Dal gennaio prossimo quelli del metano dovrebbero aumentare di un altro 40%, sempre che il governo non immetta altre e ancor più ingenti risorse. L’aumento dei prezzi energetici ha impattato sui prezzi dei beni che se ne traggono e con effetto domino su quelli di tutti gli altri beni: dai fertilizzanti, aumentati di un quarto in un solo mese, e quindi su quelli del cibo, ai materiali plastici aumentati del cento per cento dal novembre 2020 al giugno 2021.

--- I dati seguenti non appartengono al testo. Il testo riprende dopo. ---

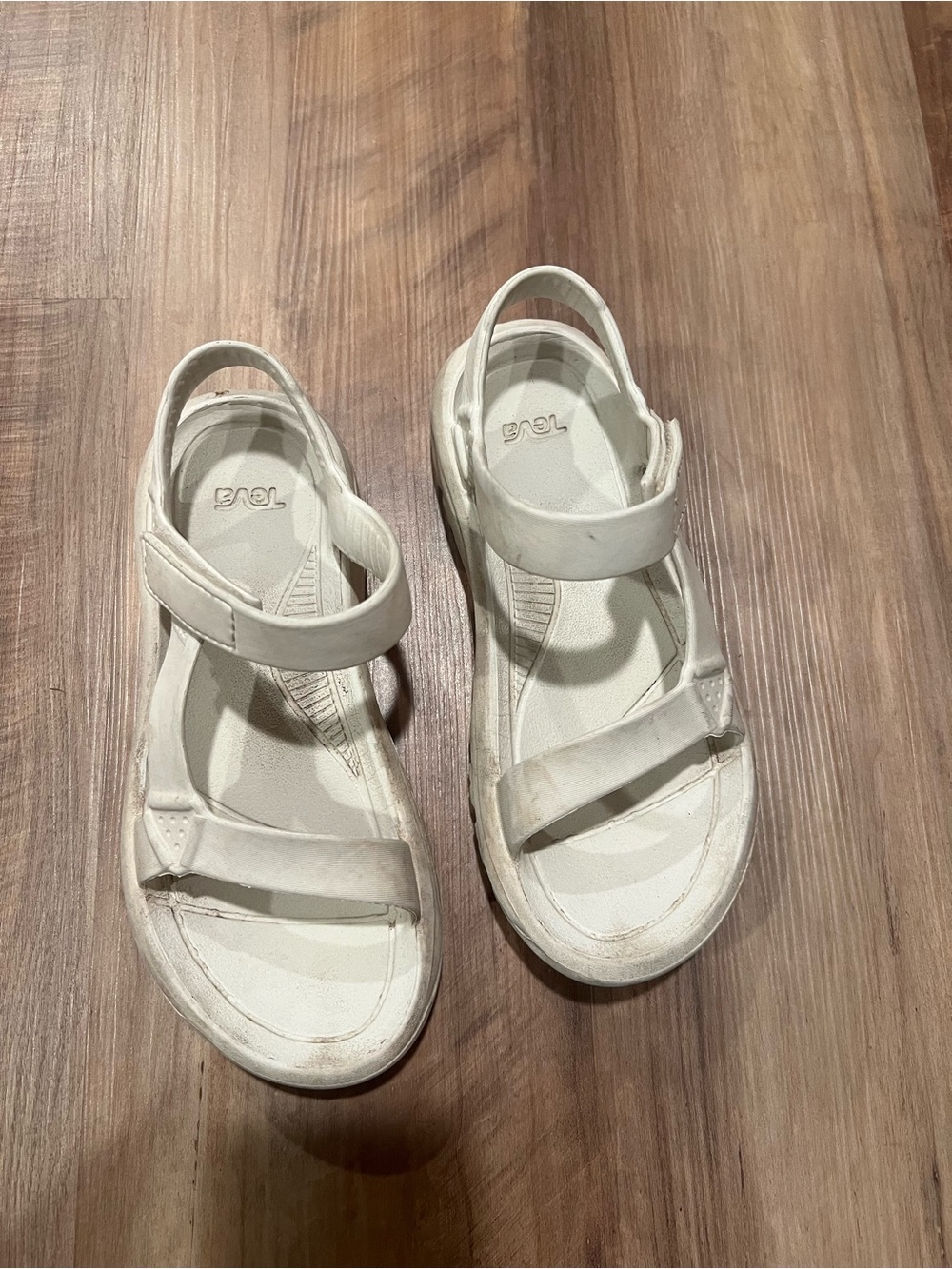 Teva Women’s Hurricane Sandals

L’inflazione nell’eurozona, già acuita dall’aumento delle altre materie prime e da strozzature nelle supply chain industriali, è cresciuta a un livello stimato a settembre al 3,5% e a ottobre al 4,1%, nuovo massimo da tredici anni, trainata da un aumento dell’energia del 17,4% a settembre e del 23,5% a ottobre. Negli Stati Uniti è salita a ottobre al 6,2%. La crisi decurta consumi e investimenti, rischiando di impattare sulla ripresa economica.

La stessa Bce nel suo ultimo bollettino economico, pur riconoscendo la “ripresa vigorosa” delle economie dell’eurozona scrive che “nel breve periodo le strozzature dal lato dell’offerta e l’incremento dei prezzi dell’energia rappresentano i principali rischi per il ritmo della ripresa”.

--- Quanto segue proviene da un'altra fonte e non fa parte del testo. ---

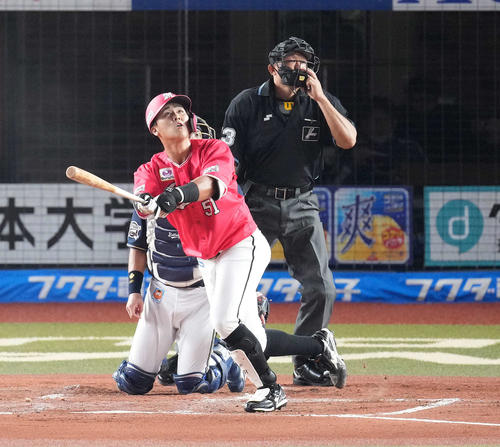 ロッテ対オリックス 3回裏ロッテ無死、先制の左越えソロ本塁打を放つ山口。投手山崎福(撮影・鈴木みどり)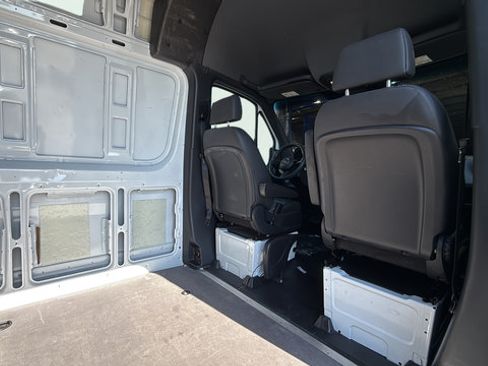 Used 2025 Mercedes-Benz Sprinter 2500 image 22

Illusi dall’idea che l’energia, e il petrolio in particolare, contassero sempre meno nei sistemi economici, ci si trova a dover fare i conti con una situazione che ne rimarca la centralità sulla crescita e sulla competitività delle imprese. Un solo dato ne può dar conto: mentre i prezzi all’origine del gas metano quotano nel nostro mercato sui 30-35 doll/mil. Btu quelli americani oscillano sui 5 doll/mil. Btu.

Per le imprese della ceramica, ove il costo del gas pesa per un quarto dei complessivi costi, la battaglia sui mercati di esportazione si fa veramente dura. Diverse imprese non sono in grado di sostenere i prezzi astronomici dell’energia. L’impianto di Ferrara della norvegese Yara che produce additivi per auto diesel ha annunciato la fermata come la Portovesme del gruppo Glencore.

Diversamente dall’aumento dei prezzi degli altri beni, nel caso di quelli energetici l’impatto è trasversale e verticale, incide non solo sui costi diretti di produzione, ma anche su quelli a valle di gestione dei magazzini e fornitori e dei punti vendita.

Se poi aggiungiamo i maggiori costi di trasporto causati dall’aumento dei prezzi del petrolio e suoi derivati intorno al 60% dall’inizio di quest’anno ci rendiamo conto di come l’energia sia tornata al centro dell’economia e della politica del Paese. Anche se la politica non sembra in grado di porvi rimedio.

Un solo emblematico caso: mentre manca il metano con scorte a bassi livelli, ci ostiniamo assurdamente a impedire lo sfruttamento delle abbondanti riserve di cui pure disporremmo. Un Paese ostaggio di una minoranza che alla produzione interna preferisce le importazioni col pretestuoso argomento che il metano potrebbe essere sostituito dalle rinnovabili.

Argomento falso e fazioso cui comunque la politica sembra piegarsi, poco attenta agli interessi generali del Paese.